Chemical Inhibition of Pathogenic T Cell Circuitry. We applied genomic analyses to develop a strategy for pharmacological inhibition of the core transcriptional circuitry of Th17 cells, a pro-inflammatory CD4+ T cell subset that plays a major role in autoimmune diseases (Xiao and Yosef et al., Immunity 2014). In collaboration with Aviv Regev and Vijay Kuchroo, we discovered that RORγt, the major transcriptional regulator of Th17 cells, directly controls the expression of a set of genes at the core of Th17 cell identity and also contributes to the repression of signature genes of other CD4+ T cell lineages, including Tregs.

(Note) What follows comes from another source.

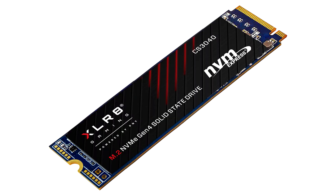PNY launches the XLR8 CS3040 M.2 NVMe Gen 4x4 SSD. PNY today announced the launch of the XLR8 CS3040 solid-state drive, which will deliver next-generation speed and ultra-high performance demanded today.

Through a library screen, we identified several novel small molecules that bind to RORγt. We demonstrated in vitro and in vivo that these compounds repress the development of Th17 cells and ameliorate murine models of autoimmunity. We used ChIP-Seq and RNA-Seq to dissect the molecular effects of these potential pharmaceutical agents. This integrative genomic approach is generally applicable to decipher gene regulatory circuitry and aid in drug discovery efforts. Our demonstrated ability to ‘drug’ transcriptional programs that differentiate Tregs and pro-inflammatory T cells motivates our ongoing systematic characterization of the human CD4+ T cell circuitry.

 TMP778 (a) is a novel small molecule that inhibits Th17 differentiation (b) and ameliorates murine model of multiple sclerosis (c) by inhibiting the transcriptional circuitry controlled by RORγt (RORC) (d).